VIERA, Fla. — Adam LaRoche won’t participate in the Nationals’ full workout for the second straight day Thursday as he takes precautions to rest the sprained left ankle he hurt running the bases on Tuesday as well as his surgically-repaired left shoulder. LaRoche said he could workout today but he’s not going to as a precaution, noting that “if we had a game today I could play and I wouldn’t feel it. I could get through it and be fine.”
“I just got a little sprain under one of the bones there running the bases,” LaRoche said, spraining his left ankle during what manager Davey Johnson called “Burma Road,” on Tuesday, in reference to the mountainous 717-mile path that connects Burma to southwest China.

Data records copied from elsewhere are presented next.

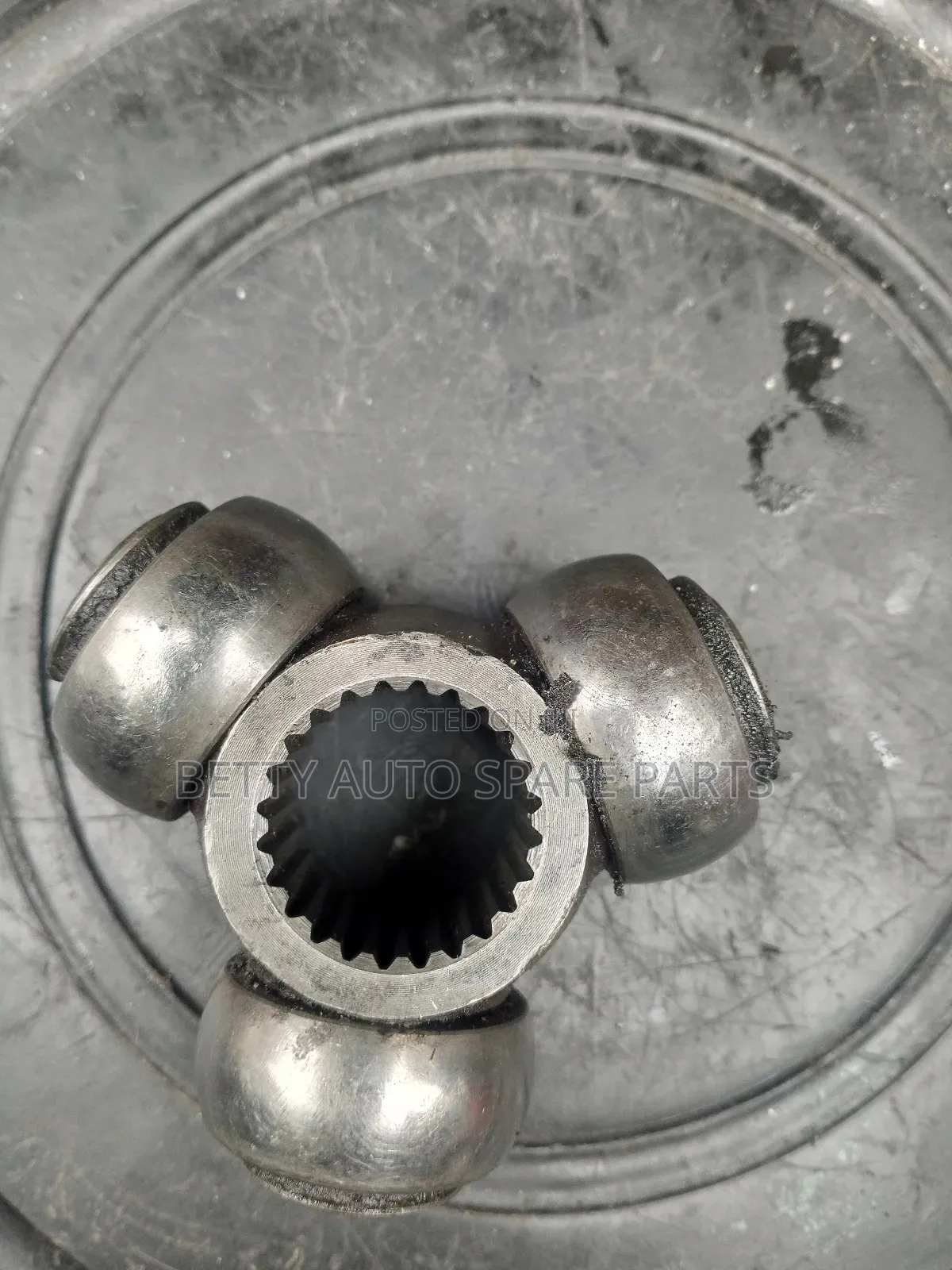 Suzuki Escudo Drive Shaft Cross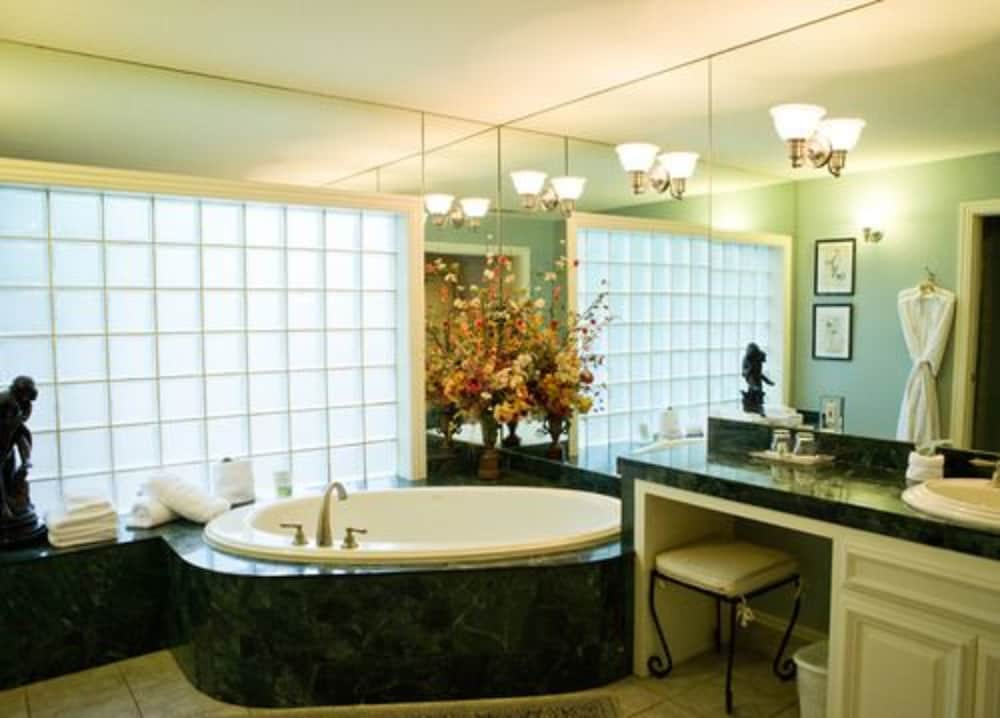 Фото The Sanford House Inn & SPA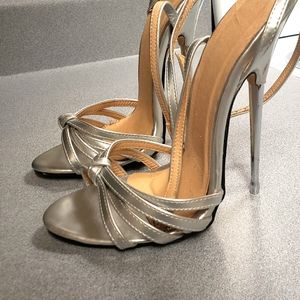 Used Silver Size 7 Fetish Heels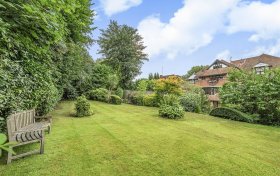 West Heath Road London NW3 7UU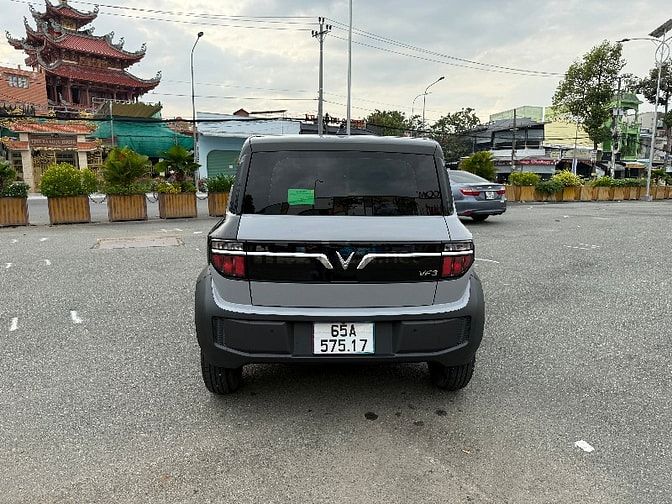 VinFast VF3 Pin Mua 2025 Xám Xi Măng xe lên đồ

Johnson said Wednesday that LaRoche was the team’s only casualty on Burma Road.
The timing of the days off was good for LaRoche anyway, he said, because it provided him an opportunity to also rest his shoulder. He plans to take a few days where he’ll swing the bat but not push his shoulder hard with significant throwing and “keep off the running.” The soreness he’s feeling in shoulder, which underwent a SLAP repair on his labrum last June, is not a painful soreness.
“It’s exactly what I need right now to where I know I’m getting some work in and I’m working it enough but not overly to where it hurts,” he said. “I guess you call it a ‘getting in shape soreness.’ I’ve been stretching it out the last week so a ocuple of days not throwing real hard, staying off it, it’s not going to hurt.”

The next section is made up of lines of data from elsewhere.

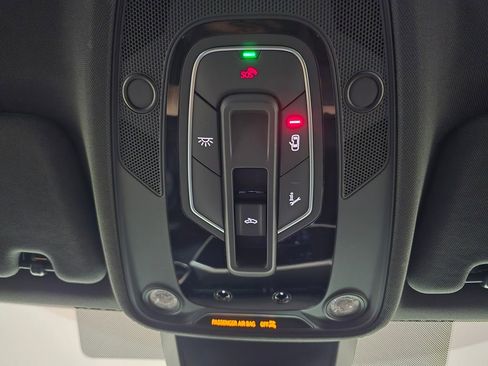 Used 2025 Audi S6 Prestige image 35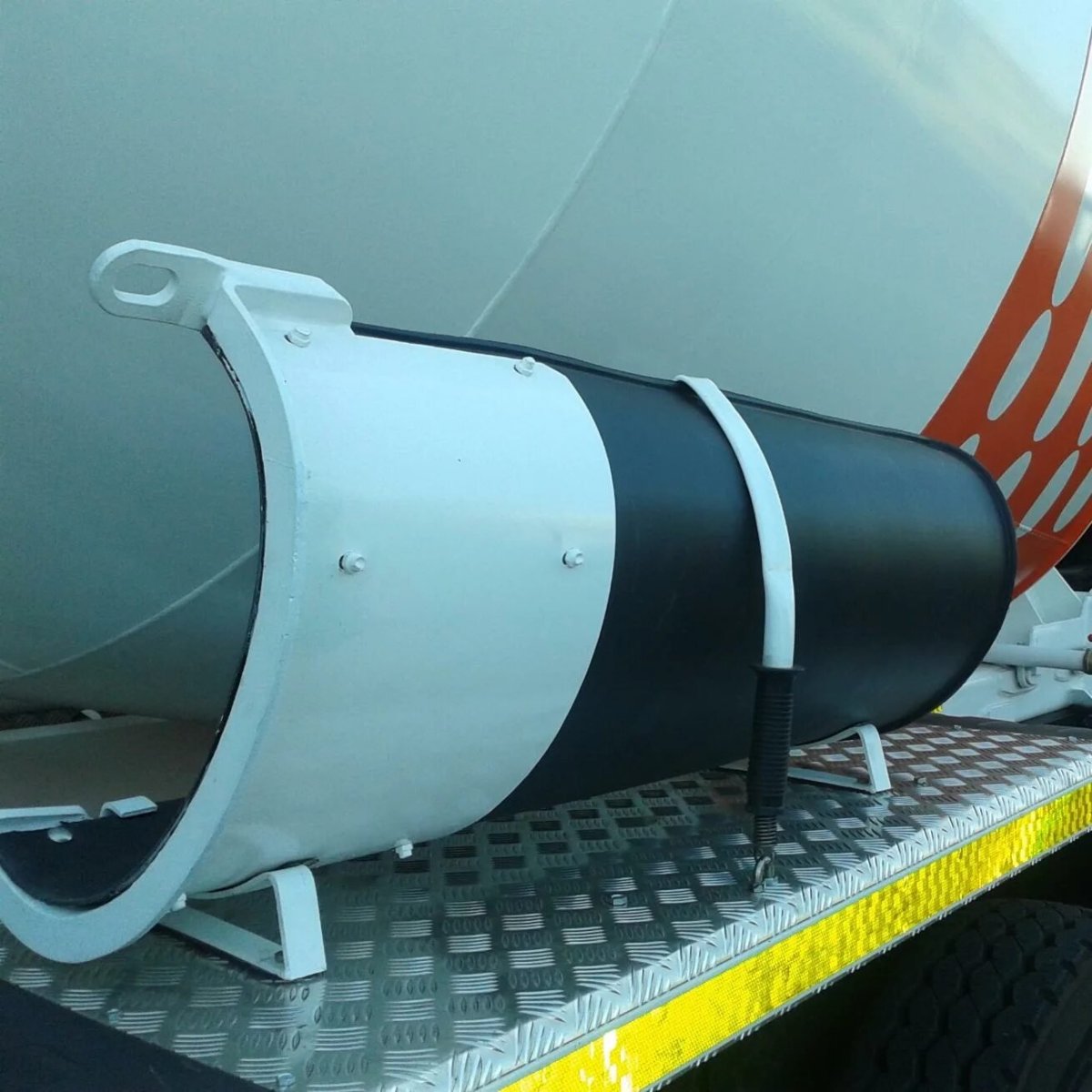 Дополнительный лоток для автобетоносмесителя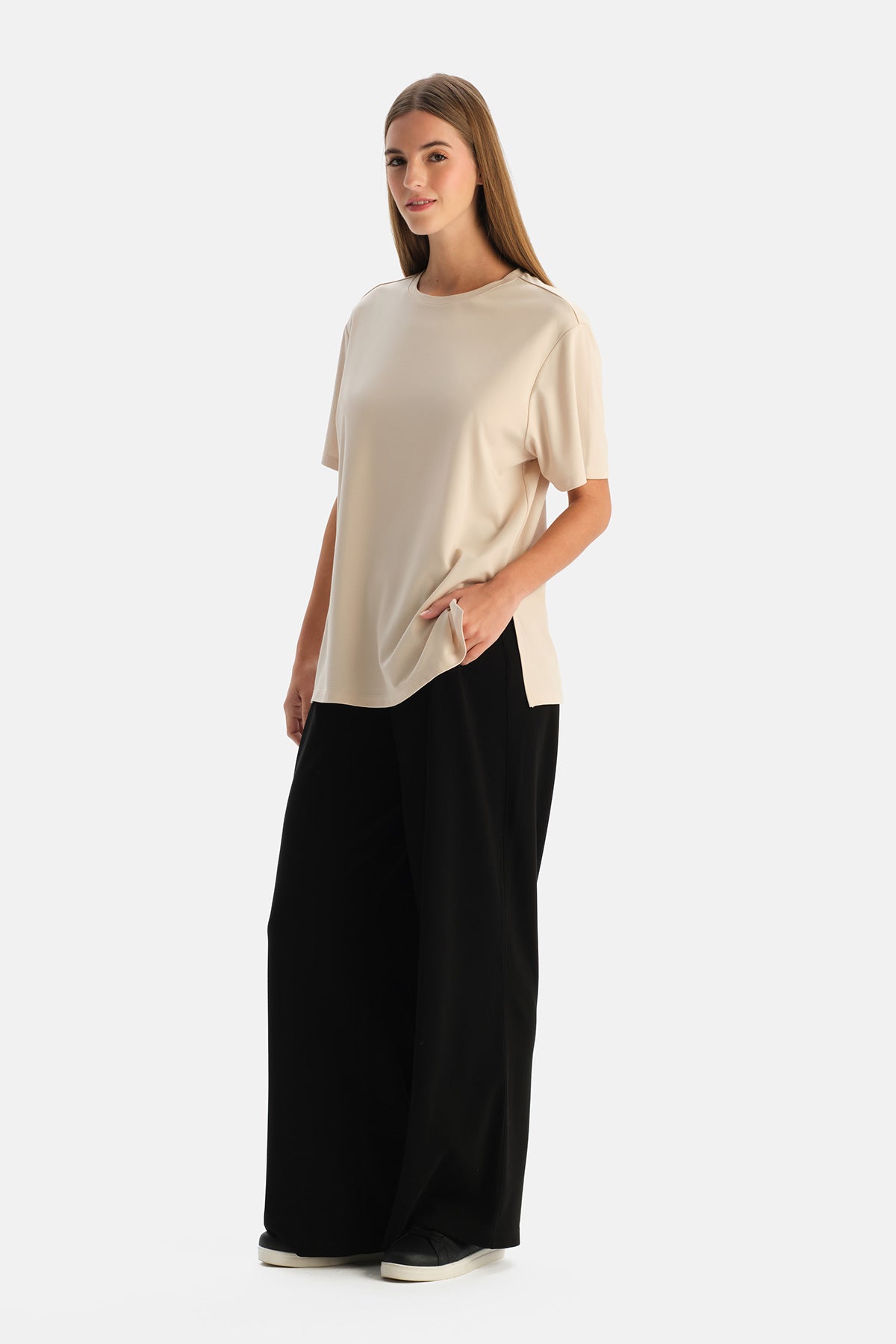 Siyah Rib Rayon Karışımlı Bol Paça Pantolon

The Nationals put LaRoche through a battery of range of motion tests to be sure there was nothing more serious wrong with his shoulder but he said “all that was great,” and the strength in his shoulder was fine.
If all goes well with his ankle, LaRoche plans to be in the lineup for the Nationals’ home opener of the Grapefruit League slate on Sunday vs. the Houston Astros at Space Coast Stadium.

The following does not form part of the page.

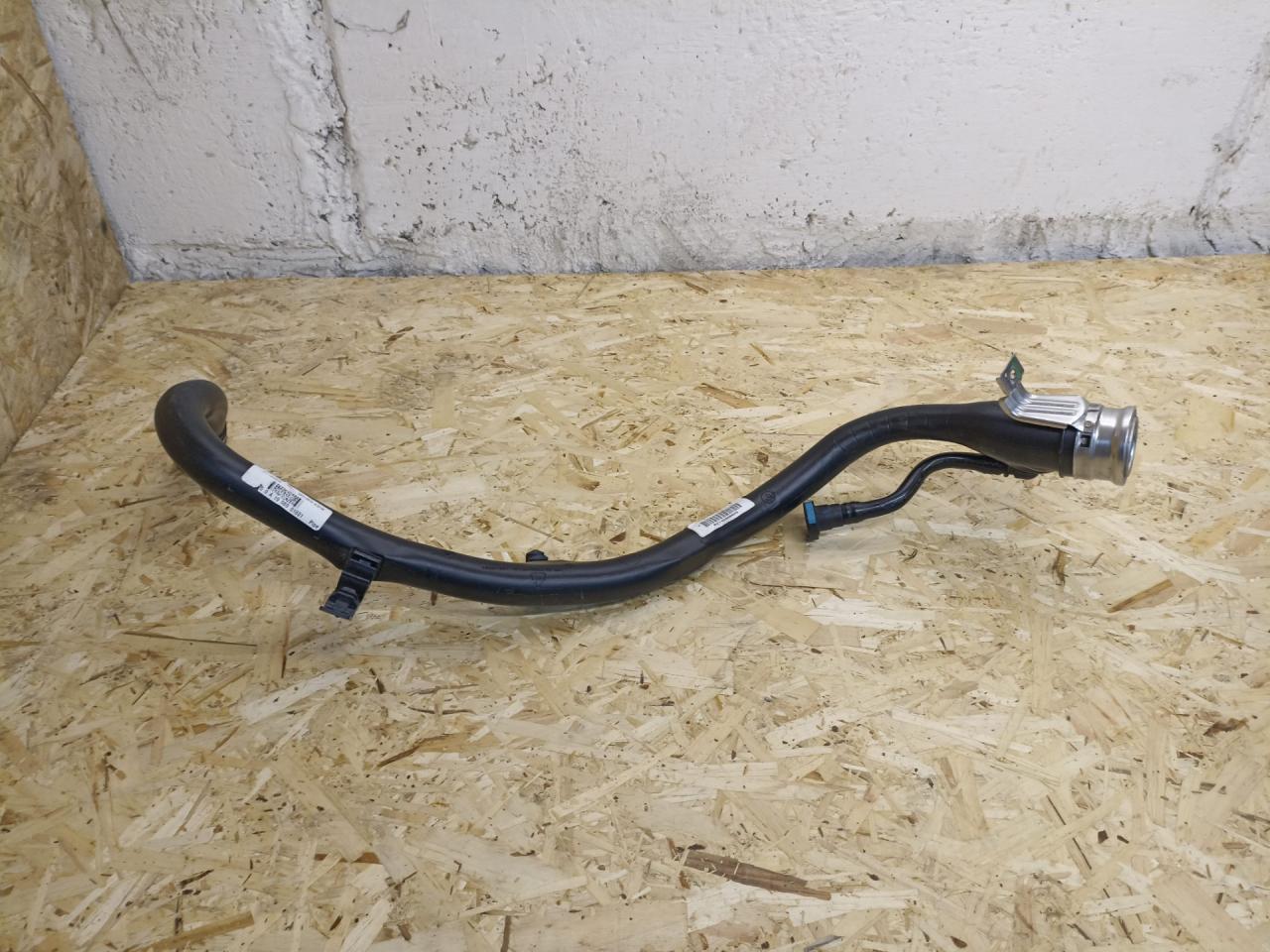 горловина топливного бака BMW X3 G01 2019, 2.0 л., B46 B20 B, бензин, АКПП, black-sapphire metallic(475), внедорожник 5 дв., полный привод, 16117404086, 7404086, 5A343A1 - фото №1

“I might not be stealing any bases Sunday, if that’s what you guys were wondering,” LaRoche joked, adding that his goal for stolen bases this season is 10. LaRoche has spent parts of eight years in the major leagues. He has five career stolen bases.
His speed aside, LaRoche doesn’t anticipate any setbacks with either injury at this point.
Throughout the spring, Johnson plans to play LaRoche in limited quantities, mixing he and Mark DeRosa, who is also coming off a significant wrist injury, in at first base along with Chad Tracy. Once the season starts, though, LaRoche plans to be an everyday player, even though Johnson may take more opportunities than in the past to make sure the first baseman is well-rested and feeling healthy.
“I’m not planning on at the beginning of the season at all,” LaRoche said. “I’m hoping by then I’m ready to go out and play every day.”
“(LaRoche and DeRosa) are both probably at 70-80 percent right now and even once the season starts, I’ll probably take some tough left-handers off of Adam,” Johnson said this week. “I feel with two of them over there and not 100 percent right now, I don’t want to overtax either one of them. I could probably ease them in to the role they’re going to really take on during the heat of everything.”